Ese año se embarcó en el Tour Hubert Opperman. Partió de Australia a bordo del Otranto. Dormía en los camarotes más profundos, los del bussiness class, los más baratos. El ciclismo era un deporte pobre. El tenis era otra cosa. El equipo de la Copa Davis, Howman, Crawford y Petterson, viajaban en first class. Aquel Tour fue el de las canciones australianas que coreaban los ciclistas aussies en las etapas que amanecían nocturnas y oscuras. En aquellas etapas de madrugada se jugaba la vida Sandor Castile, que corría como el diablo en la penumbra para amanecer muchos minutos antes que el pelotón. Cuando le preguntaron por qué arriesgaba tanto en la penumbra, pedaleando casi ciego, respondió que lo único que deseaba era escapar del ruido de aquel coro infernal. Opperman fue uno de los grandes corredores australianos de la historia, batió 101 récords del mundo y luego, al retirarse, fue ministro en el parlamento federal. Una medalla que lleva su nombre recompensa hoy los méritos de los ciclistas australianos.
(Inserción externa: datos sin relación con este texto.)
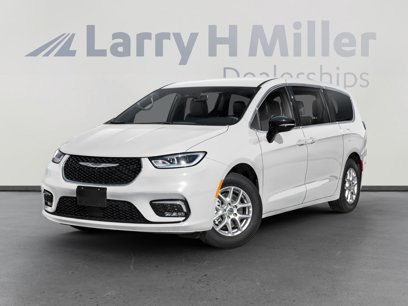 New 2025 Chrysler Pacifica Select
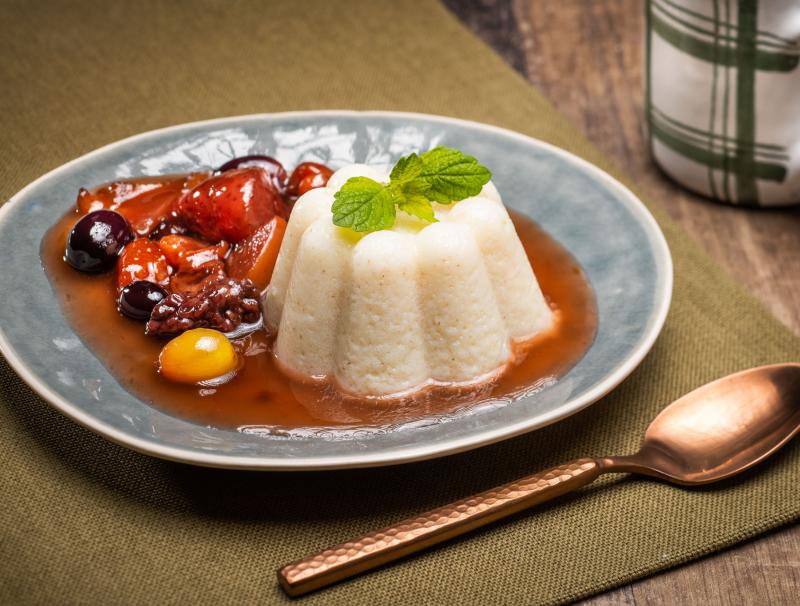 Grießpudding mit Rumtopffrüchten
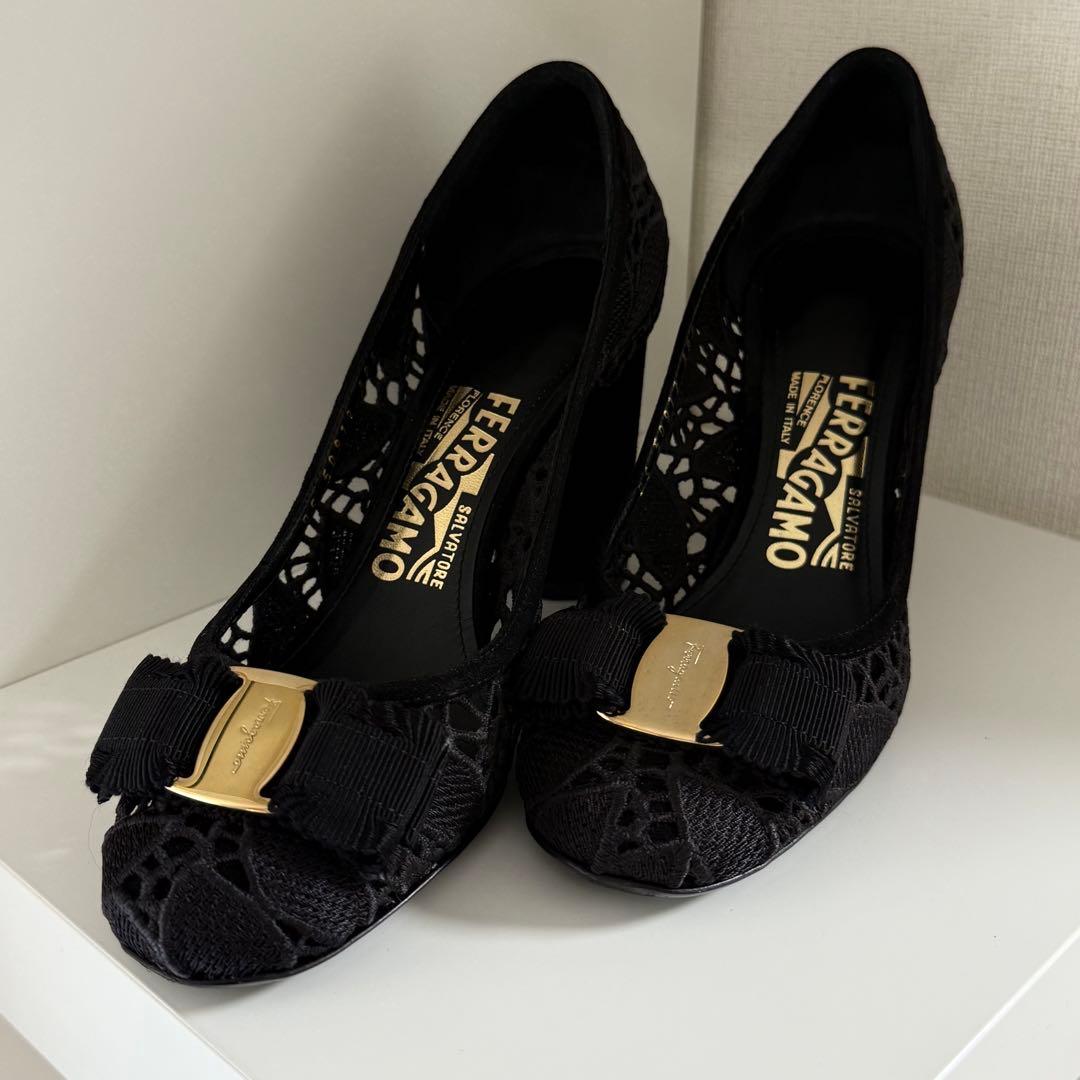 Ferragamo ESTELLE レースヒール 5C 黒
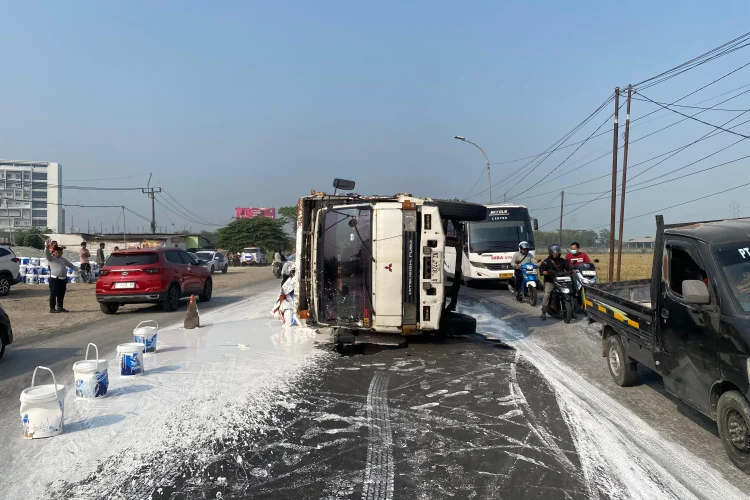 Truk Terguling di jalan Interchange Tol Karawang Barat, Kaleng Cat Berserakan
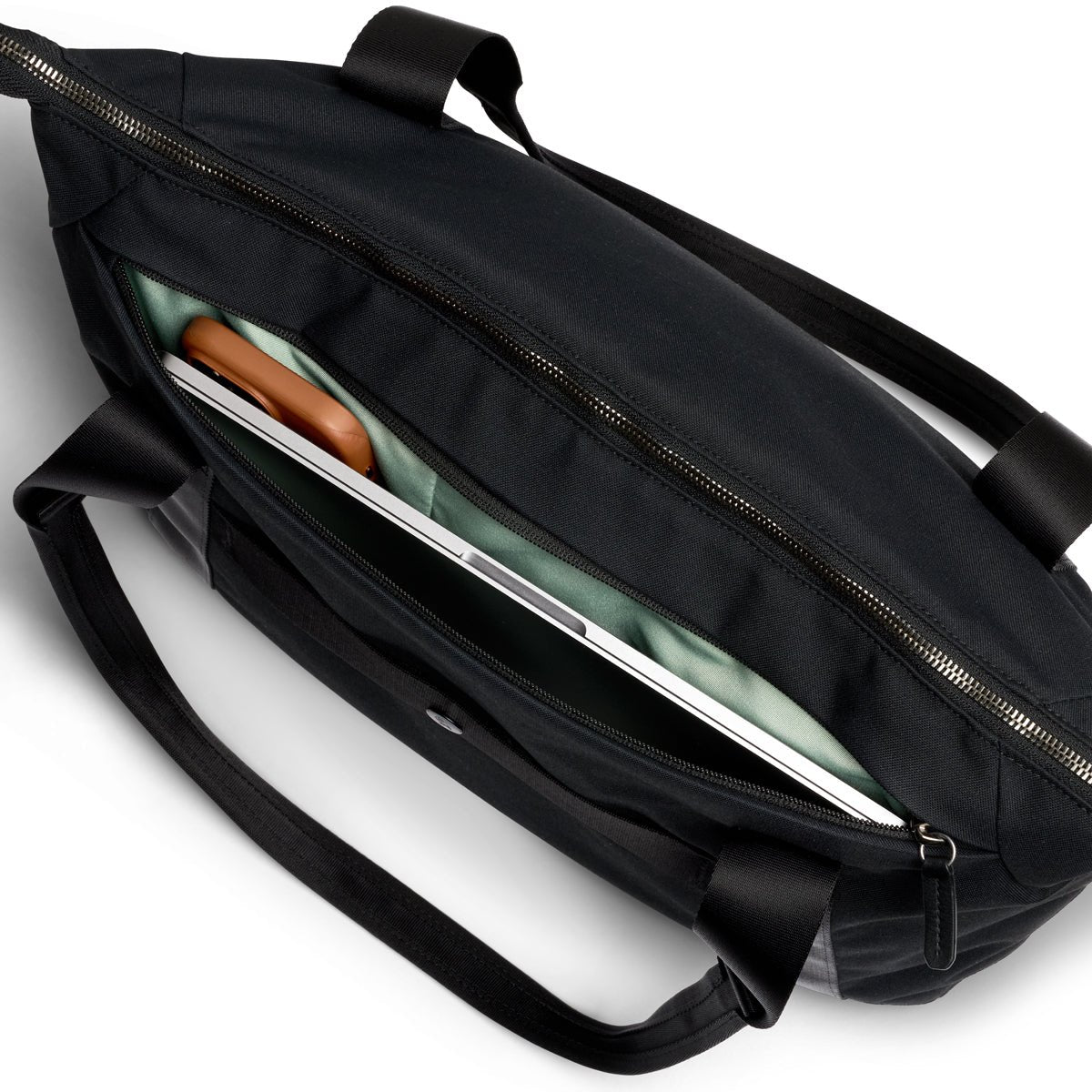 Bellroy Classic Getaway Bag 28L in Black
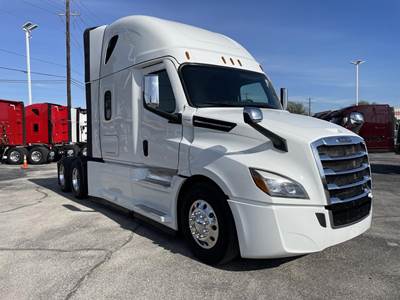 Freightliner CASCADIA 126 Sleeper Semi Truck - Detroit 455HP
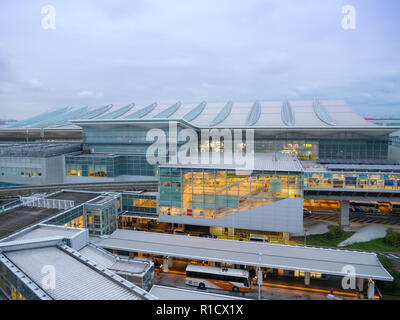 Tokio, Japan. September 14, 2018. Haneda Airport Terminal in der Dämmerung Stockfoto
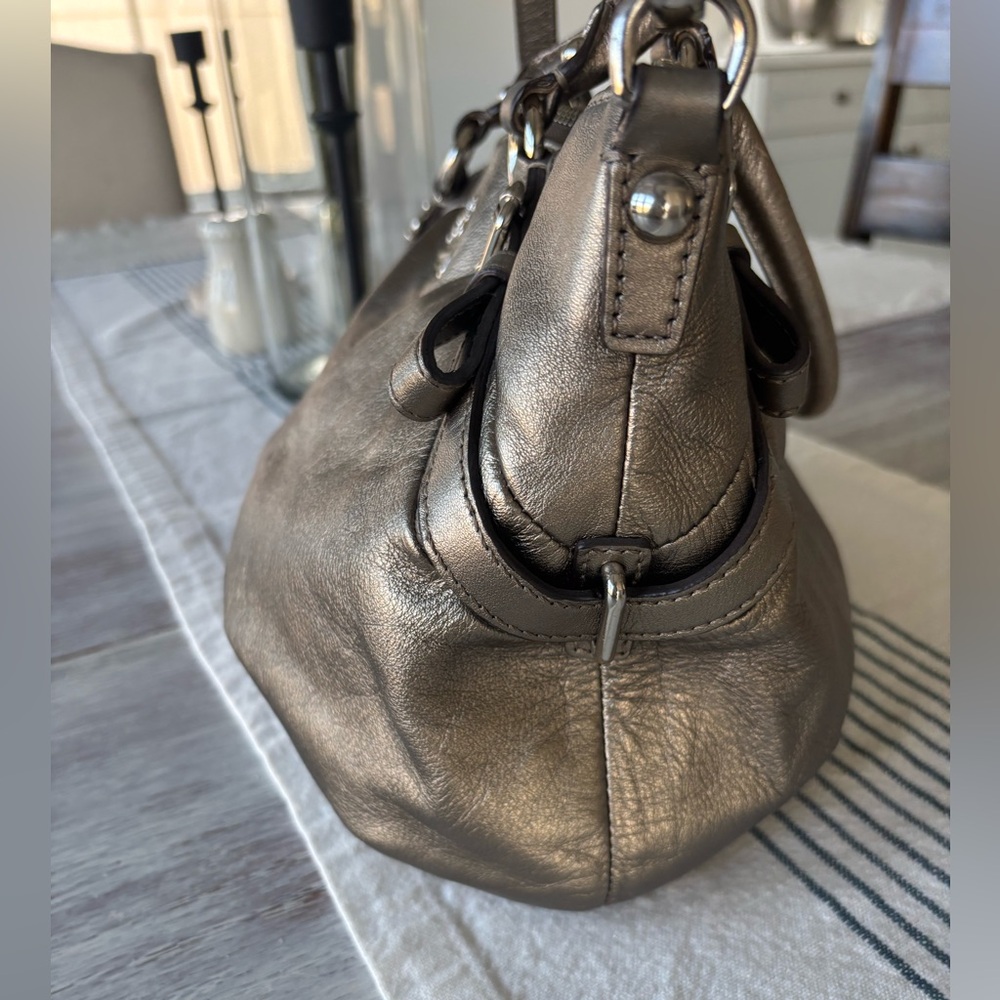 🍃🦋 Coach Madison Metallic
Pewter Leather Satchel
Shoulder Bag 15960 - Picture 4 of 14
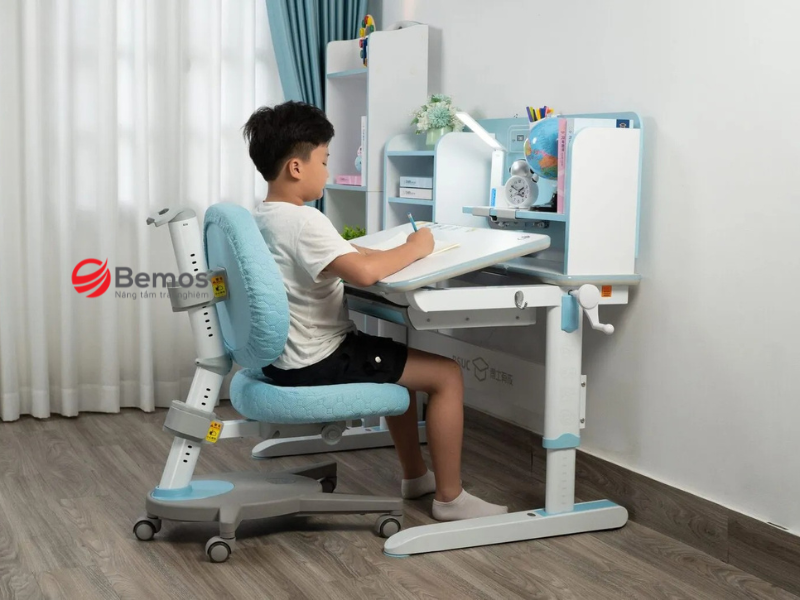 Bàn Học Cho Bé Lớp 1 Giá Rẻ: Cách Chọn Đúng, Tránh Hối Hận Sau 3 Tháng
Phil Anderson, primer amarillo La globalización jugó al tenis, condujo coches, tiró triples, pegó patadas a un balón, nadó… pero le costó coger una bicicleta. Hubo que esperar hasta 1981 para que un australiano vistiera el maillot amarillo del Tour. Fue Phil Anderson, que lo llevó solamente un día, el mismo que un año después logró la primera victoria de etapa de un no europeo en la carrera francesa. Luego, los anglosajones cogieron la rueda buena. Greg Lemond subió al podio, segundo, en 1985. Y en 1986 impidió que Hinault ganase el sexto Tour y reinase por encima de Anquetil y de Merckx. Lemond logró otros dos Tours. Uno se lo quitó en París a Laurent Fignon -que fue homenajeado ayer en la salida de Creteil- por ocho segundos en 1989 y otro a Chiappucci en 1990. Luego el Tour volvió a quedarse en Europa. Fueron los cinco años maravillos de Indurain, las irrupciones de Riis, Ullrich, Pantani…
Los años 90 amanecieron con el dominio de Lemond y un nuevo siglo pasó página con la historia más alucinante en casi cien años de Tour: otro americano, Lance Armstrong, regresaba de la muerte para ganar el de 1999. No solo ese. Fueron siete julios consecutivos de barras y estrellas. Fue la época de O'Grady y McEwen, australianos musculosos, veloces, hechos en la pista. Armstrong claudicó, aburrido de ganar y ganando, en 2005. Esa tarde en París, Evans, octavo en el Tour, le pidió matrimonio a Chiara, pianista italiana. Desde entonces viven en Suiza, pero se casaron en París, adonde Cadel llegó después, 2007 y 2008, dos veces segundo en la general y frustrado. Pero, eso sí, no resignado. "Me gusta tener sueños, el Tour es uno de ellos y creo que esta vez lo puedo conseguir", decía al arrancar el Tour hace tres semanas. Ayer lo consiguió. Primer australiano en París. La victoria más trabajada de la historia del Tour había echado a andar 97 años antes en Victoria.